[DATASET — start]

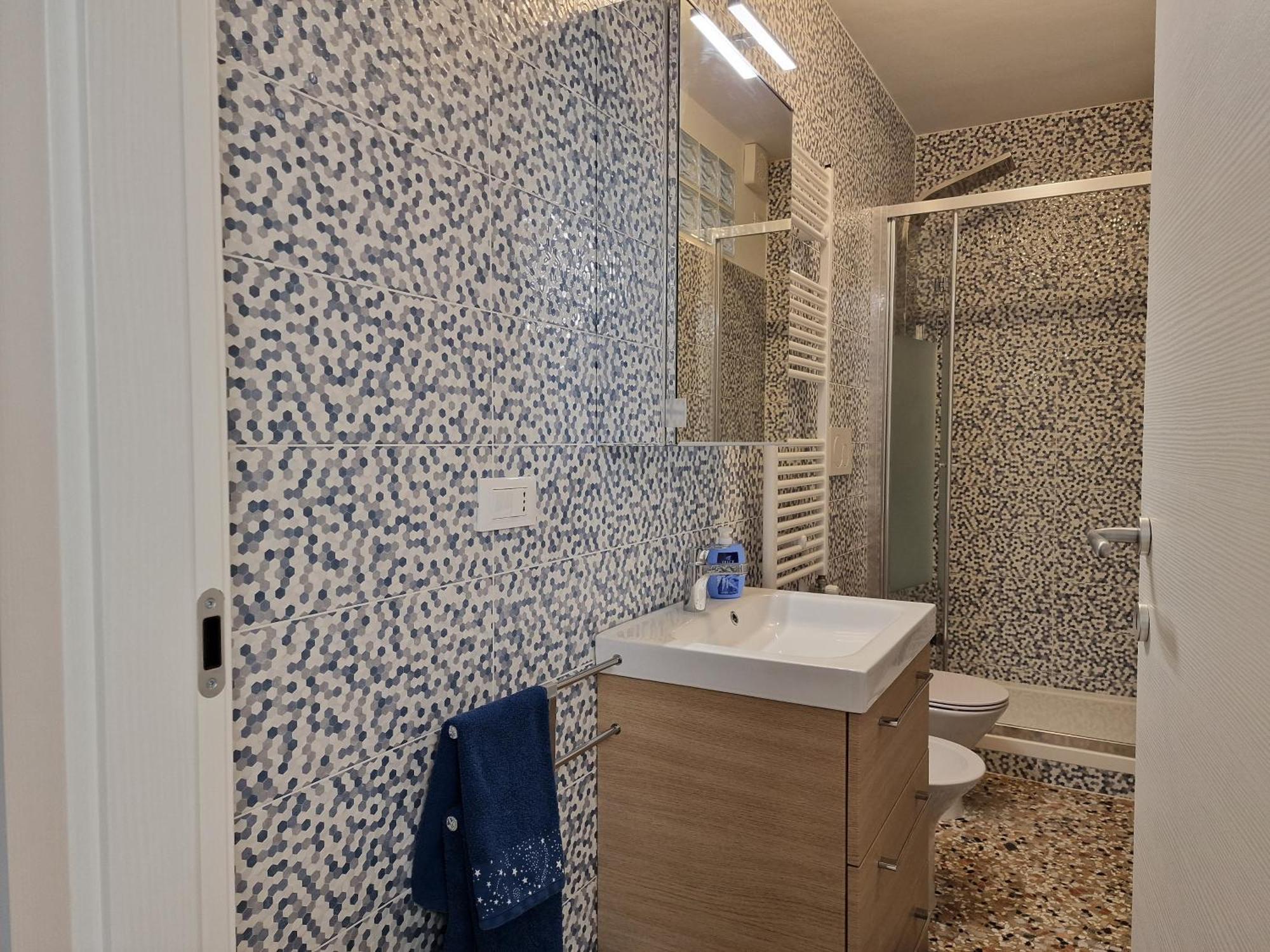Apartamento Veneziacentopercento La Forcola Apartment, Next To Rialto Bridge Venecia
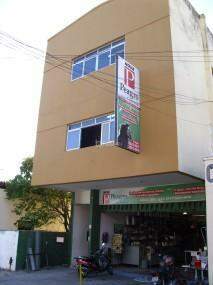 Conjunto Comercial-Sala para alugar, 18m² - Foto 1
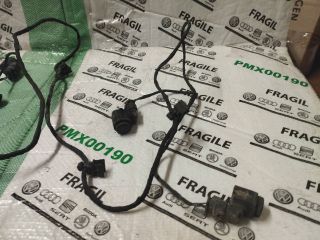 bontott AUDI A5 Hátsó Tolatóradar Kábelköteg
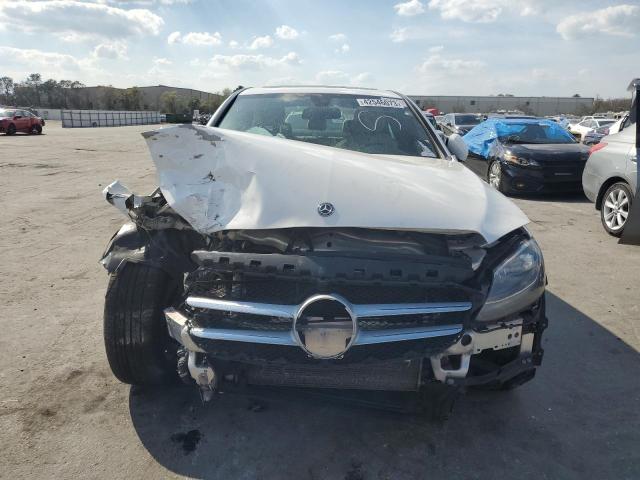 2018 MERCEDES-BENZ C 300 4MAT - 55SWF4KB5JU251354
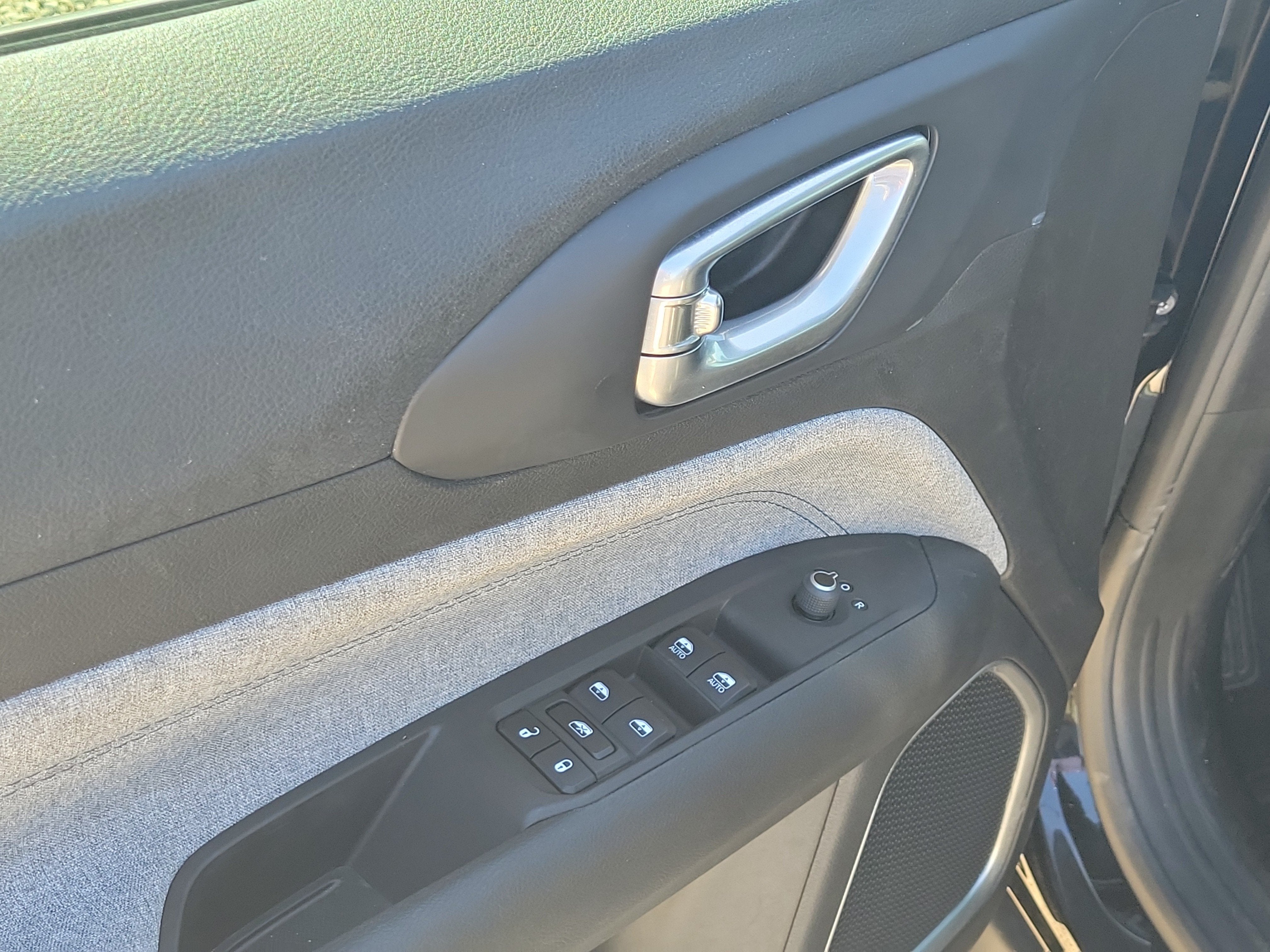 2024 Jeep Compass Sport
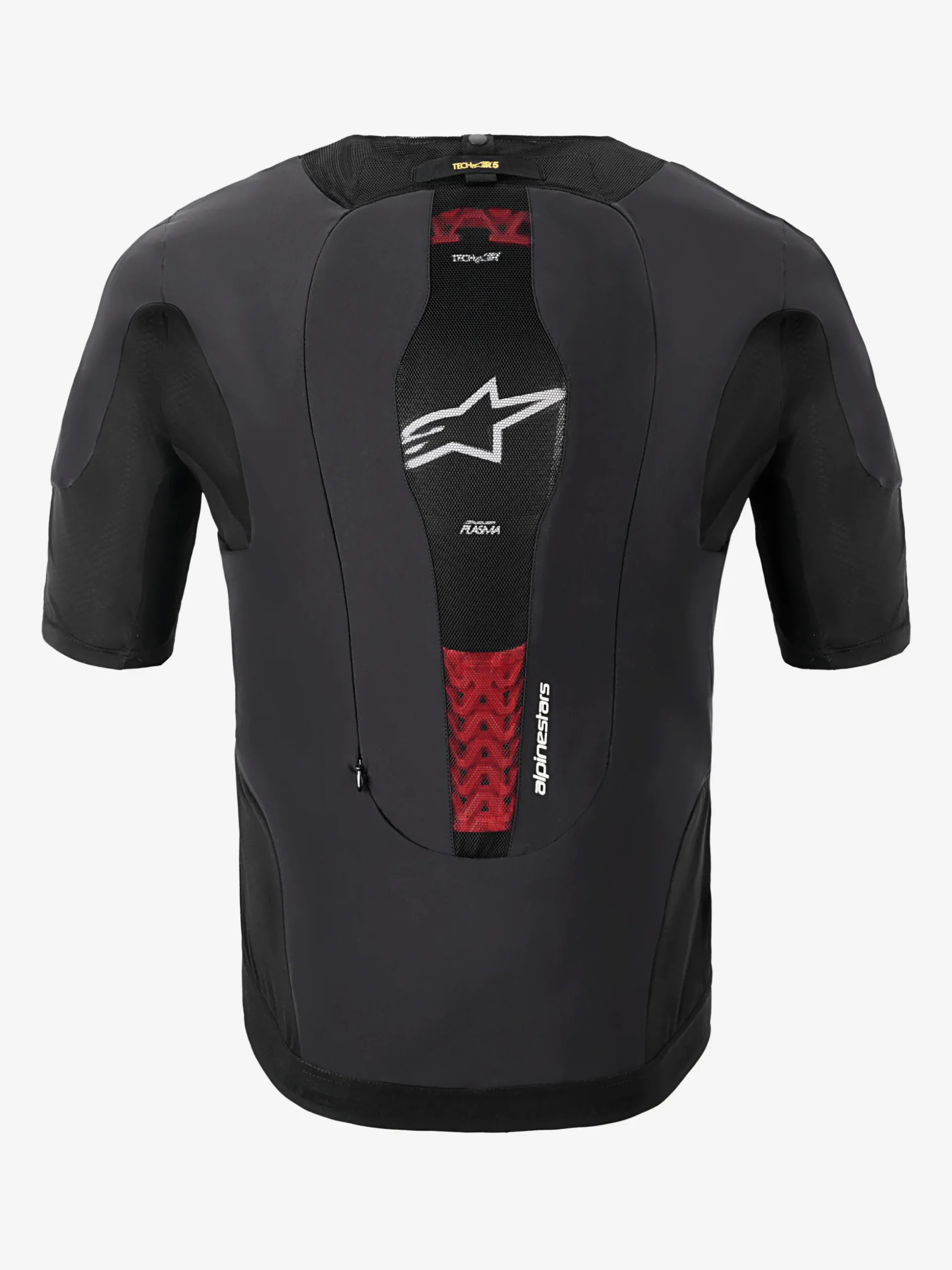 Système Airbag Tech-Air® 5 Plasma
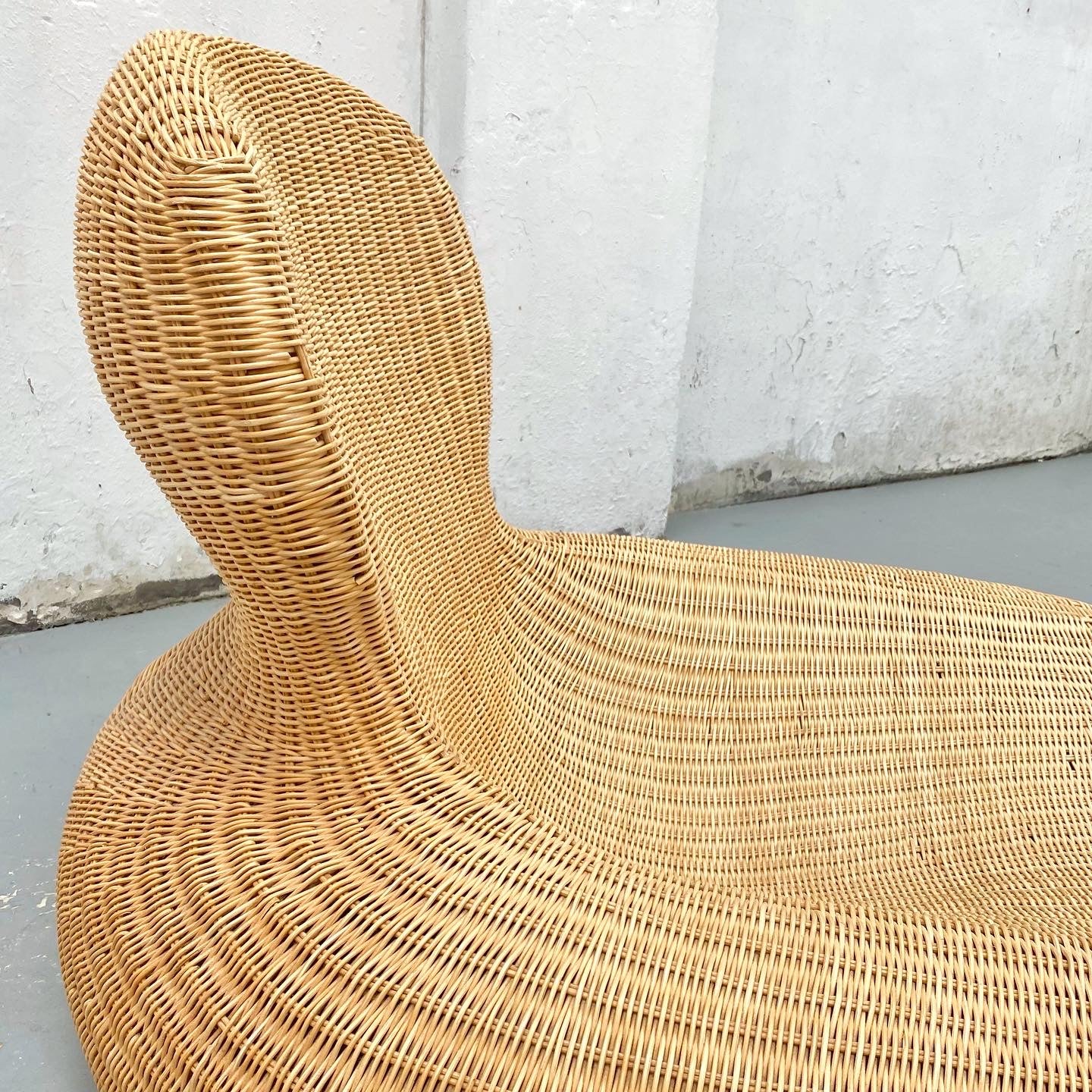 Storvik Cane Chair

[DATASET — finish]

**WORK TO COMPLETE**
Please reproduce each entry exactly as given and omit the pictures.

**YOUR SOLUTION**
Apartamento Veneziacentopercento La Forcola Apartment, Next To Rialto Bridge Venecia
 Conjunto Comercial-Sala para alugar, 18m² - Foto 1
 bontott AUDI A5 Hátsó Tolatóradar Kábelköteg
 2018 MERCEDES-BENZ C 300 4MAT - 55SWF4KB5JU251354
 2024 Jeep Compass Sport
 Système Airbag Tech-Air® 5 Plasma
 Storvik Cane Chair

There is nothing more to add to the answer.